Data
The data we are using consists of various types of audio signals that have both human voice and noise. This includes a recording of reading in a coffee shop by Raj Patel, and a recording of reading in an activity center by Qianxu Li and Tianwei Liu. These audios are collected to represent different situations where noise needs to be eliminated - one is a person speaking only, and another is two people speaking interactively. The time-domain representation and the audio recording of the coffee shop recording are as such:
Figure: The Coffee Shop Reading Recording in time domain © Tianwei Liu
Audio: The Coffee Shop Recording © Raj Patel
From the time domain, one can see that there are not only human reading signals that are represented by the high peaks of a wave, but also noise that is rectangular and mixed with the speech, which is present not only when the speaker is speaking but also when the speaker is not speaking. That is a good indication of which part of the signal is the noise for our program to eliminate.
More Information regarding the noise can be found in its frequency domain representation:
Figure: The Coffee Shop Recording in frequency domain © Tianwei Liu
In this frequency-domain graph, one can easily see that there exist multiple peaks, one with a higher magnitude at around 500Hz, and another with a lower magnitude at a lower frequency. Since only one person is speaking in this recording, and the speaking sound is the majority focus, it is obvious that the frequency component with the highest magnitude is the frequency of the speaker's voice, and the other components are majorly frequency components of noise.

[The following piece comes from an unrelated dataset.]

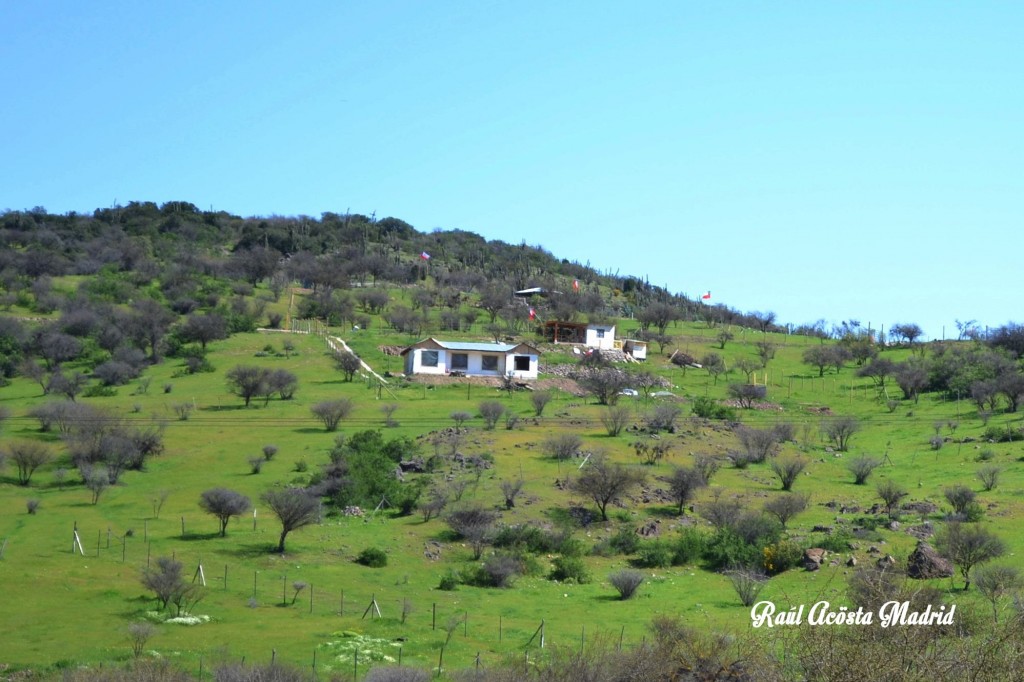 Foto de Coinco (Libertador General Bernardo OʼHiggins), Chile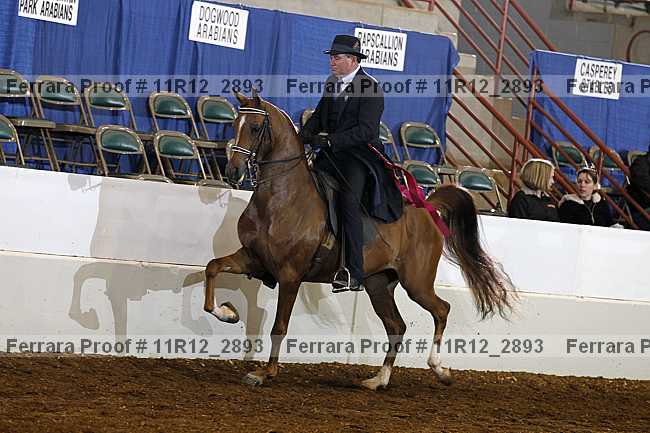 Proof 11r12_2893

The second audio piece we are analyzing is a reading recorded by Qianxu and Tianwei, in which the speaker speaks alternatively during the recording. This is a demonstration of tackling multi-speaker recordings in that each speaker may have a different frequency band of voice. The recording in time and frequency domain representation is as follows:
Figure: Two Speakers Recording in time domain © Tianwei Liu
Figure: Two Speakers Recording in frequency domain © Tianwei Liu
Audio: Two Speakers Recording © Qianxu Li & Tianwei Liu
Using those two pieces of recording, we would demonstrate how our system reduces and removes noise from a noisy audio recording of different characteristics while leaving the human voice still able to be heard.